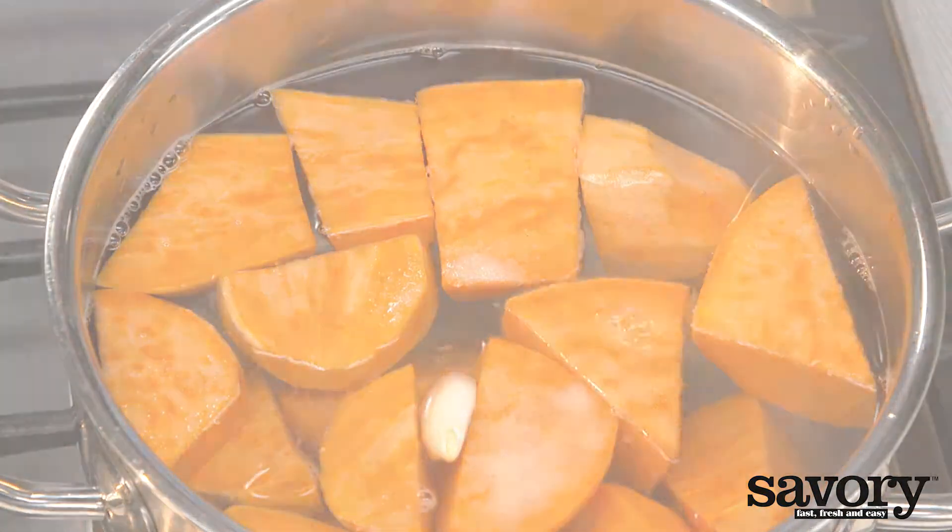Spoon the mashed sweet potatoes on the phyllo dough, and spoon the onion thyme mixture on top. Spread out the tomatoes cut side up and sprinkle with pepper. Bake for about ten minutes in the oven at 400 degrees.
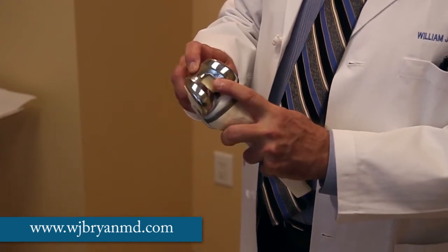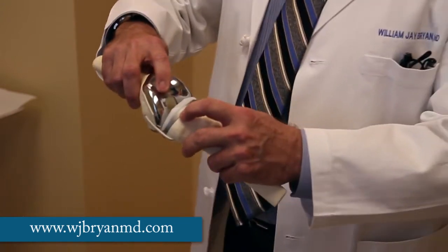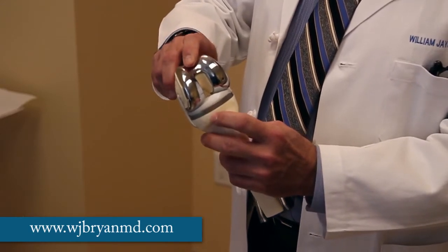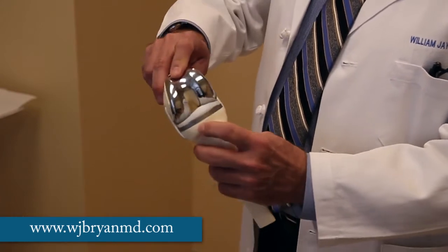This tray then holds the so-called tibial insert. It's a convex polyethylene material, which is extremely durable and made to precisely fit the contours of the convex femoral component.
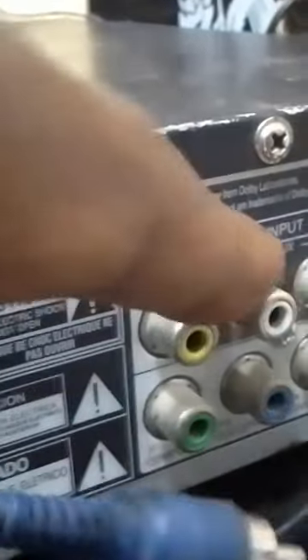Now carry this particular tool and go to the home theater — go to the back of your home theater. This is the back of my home theater. This place you are seeing is the yellow port.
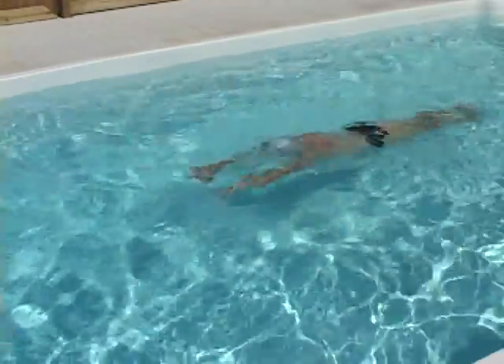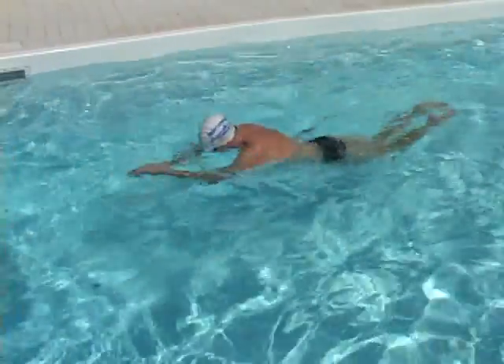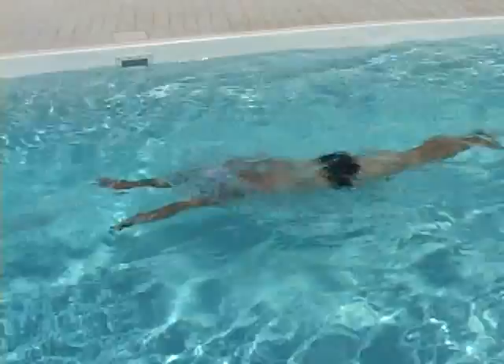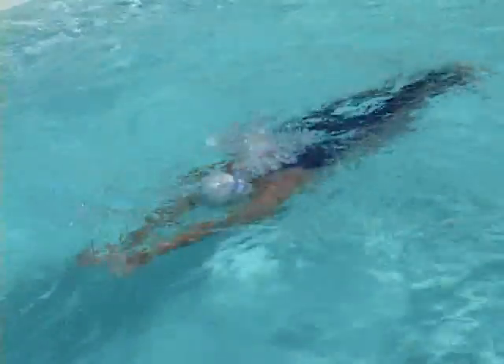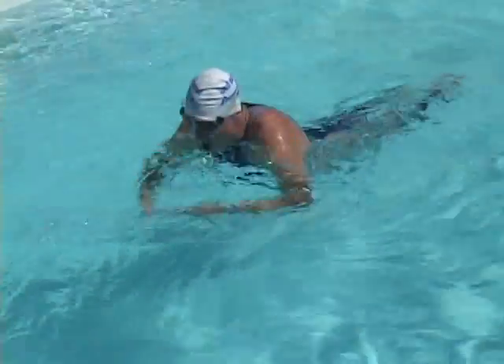That isn't something that happens separately but is integral to the movement. I don't try to get air — instead I let my mouth clear the water on in-sweep. Notice the tiny gap between my mouth and the surface when I breathe. That's the key to my stable head position.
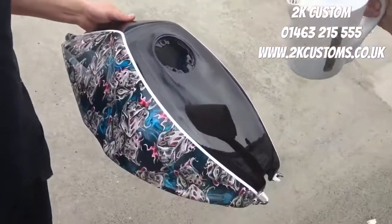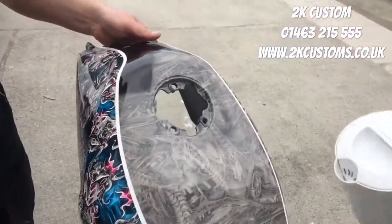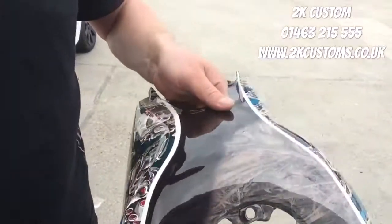We've got motorbike parts hydro dipped with a flaming dice design, and we've got something special on this tank as well — a heat powder. Let me try to show you what it looks like. Once you apply hot water, sunlight, or basically higher temperature, you get the pattern coming through. Normally it's black, which is a pretty cool effect.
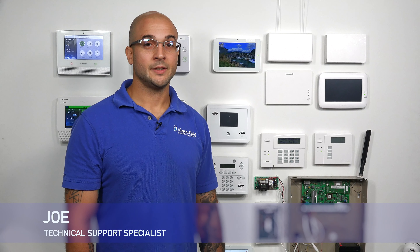Hi, DIY Wires. Joe from Alarm Grid, and today we're going to talk about how do you properly test your 5800CO with your Qolsys IQ2 system.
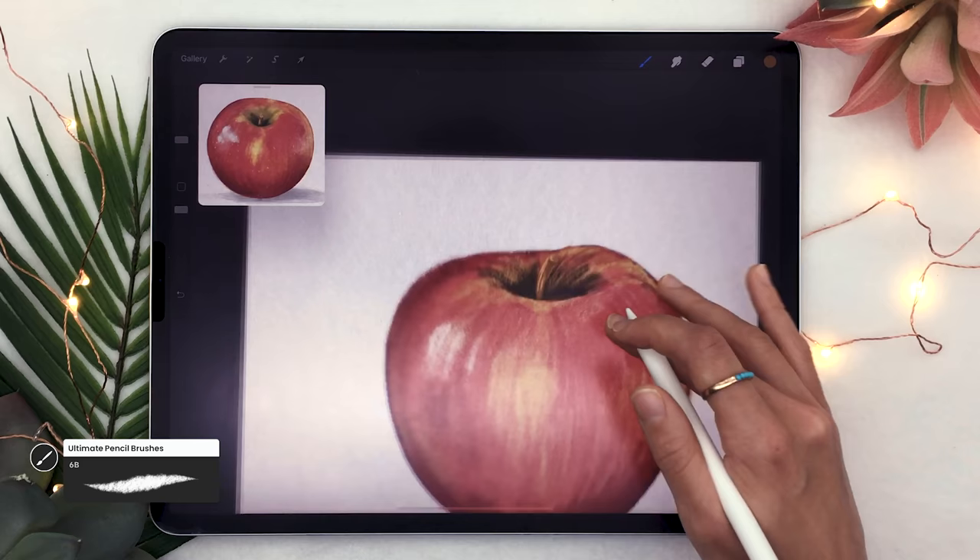Now we're adding more color variation, shadows, and light. With the main apple layer selected and the selection tool set to freehand, draw a wobbly shape around the bottom part of the apple and feather it around 30%. From the adjustment panel, select Hue Saturation Brightness, set it to layer, and lower the brightness — and maybe tweak the saturation and hue slightly — to add shadows on the bottom of the apple. Then reuse this technique on the right side to add color variation, as if there were a light reflection.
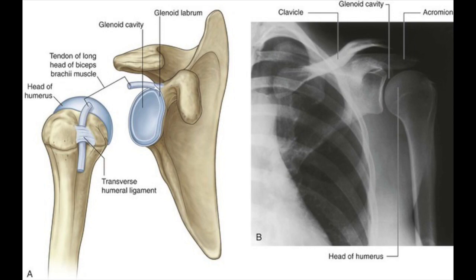This labrum ring is continuous with the tendon — it is also continuous with the tendon of the biceps brachii above.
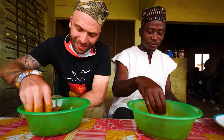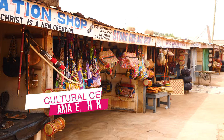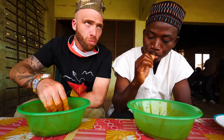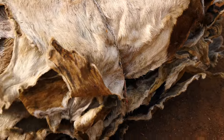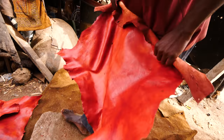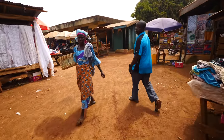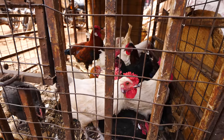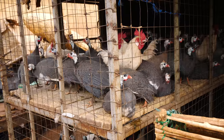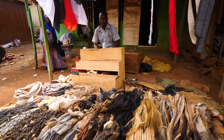All right guys, that is it for Tamale — we explored basically the main things to see: the tannery, the market, and the cultural center. Those are the three things. When you come here, head straight to the tannery — it takes like 10-15 minutes to see the whole process: how they get the skin, take off all the fur, dye it, stretch it out, and make leather. Then after that walk around the market. The market's different from Accra and Kumasi — everything's more spread out. You have a butcher area, a poultry area, a shea butter area, a fruits area, all the smock and clothing area.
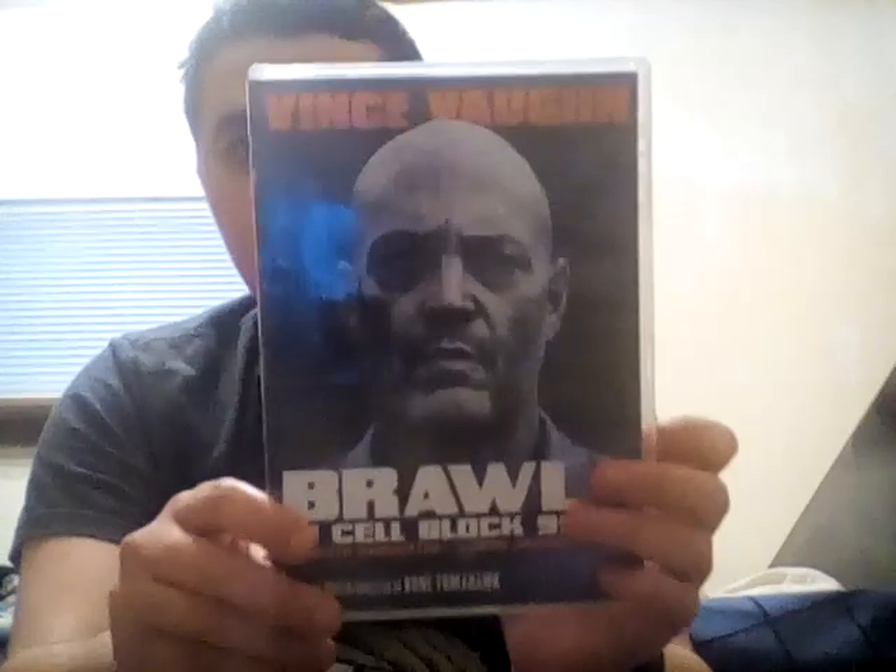Hello everybody, it's Tom and Jerry Fan 64 here. I'm gonna do this video quick because I have a bit of a headache. I'm gonna do a movie review of the Vince Vaughn movie called Brawl in Cell Block 99. I finally watched all five of the movies I got five or six days ago. I gotta tell you, this was one hell of a great action movie.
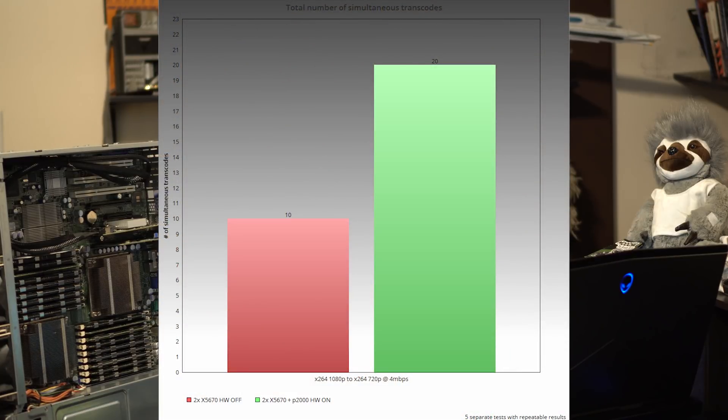The next test was transcoding H.264 1080p down to H.264 720p at 4 megabits per second. I actually got 20-plus transcodes before I just gave up — I think it would take more computers than I have available to actually push this GPU and CPU combo to its limits in this way. The CPU with 20 transcodes was hovering around 38–40%, and the GPU was somewhere around 75%. From my experience, I think it had at least 10 to 20 more transcodes in it, possibly more. I might revisit this in a later video. When I turned hardware transcoding off, I only achieved a total of 10 playable streams.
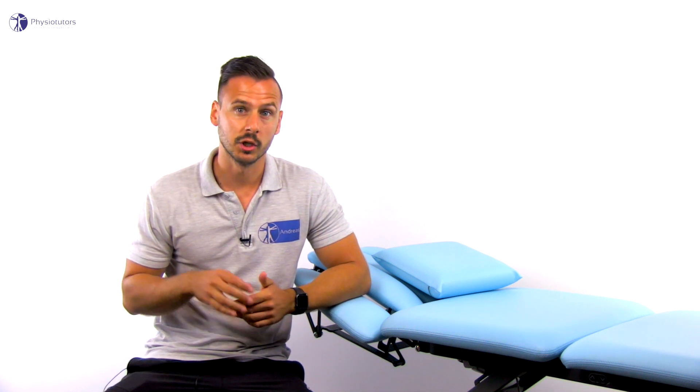Posterolateral corner injuries of the knee commonly occur together with other ligament injuries in the knee joint. Rarely are they seen as isolated injuries, but can occur as a consequence of ACL injury reconstruction failure. On our channel you will find two other common tests for the PLC, which are the DIAL test and the reverse pivot shift test.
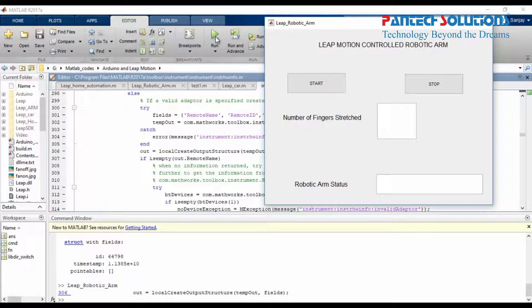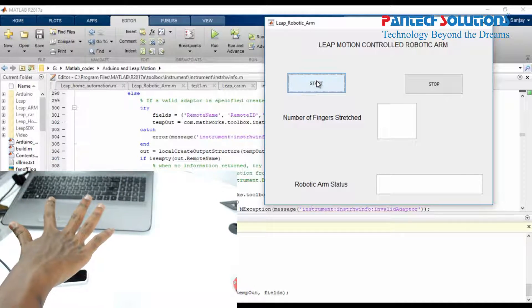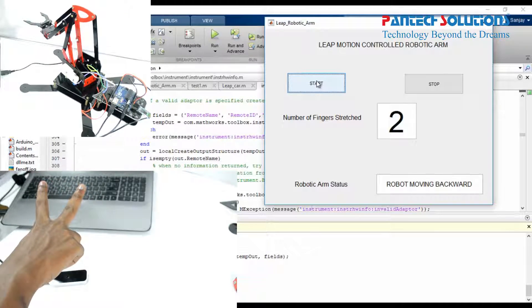Test gesture control GUI — it shows the results from Leap Motion gestures, motions, and numbers. We have already trained gesture motions and numbers: one for forward, two for backward, three for left, four for right, five for gripper close, and six for gripper open.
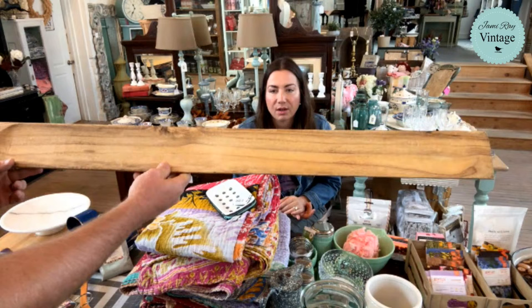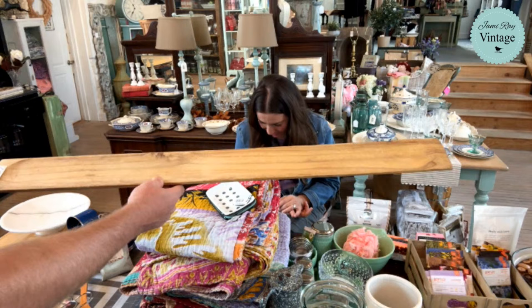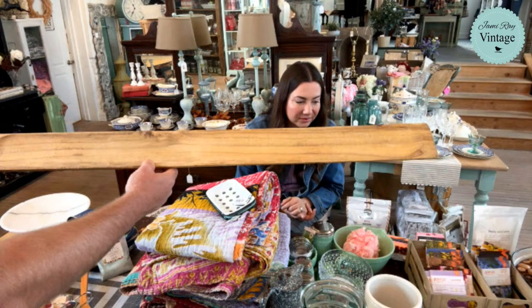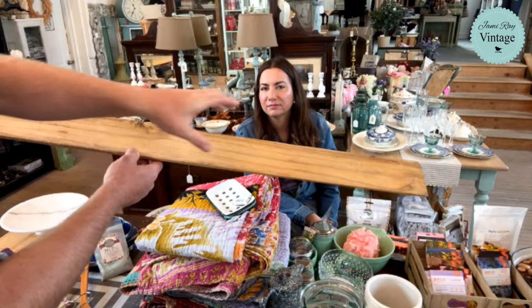We have a ton of these baguette boards and we've sold a ton of them, but they're also a pain to ship. Sometimes Jamie gets a bulk buy of like a hundred of something, and I feel like we've had a hundred of these because we still have quite a few. They're baguette boards, but they're really fun to just put tea lights on, or you could lay out muffins — or please, just put a French baguette on there.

TASK ITEM: Start at the line above containing "Now carry this" and stop at the line containing "That isn't something": print those lines and everything between them exactly, but not the pictures.

COMPLETED TASK:
Now carry this particular tool and go to the home theater — go to the back of your home theater. This is the back of my home theater. This place you are seeing is the yellow port.
That isn't something that happens separately but is integral to the movement. I don't try to get air — instead I let my mouth clear the water on in-sweep. Notice the tiny gap between my mouth and the surface when I breathe. That's the key to my stable head position.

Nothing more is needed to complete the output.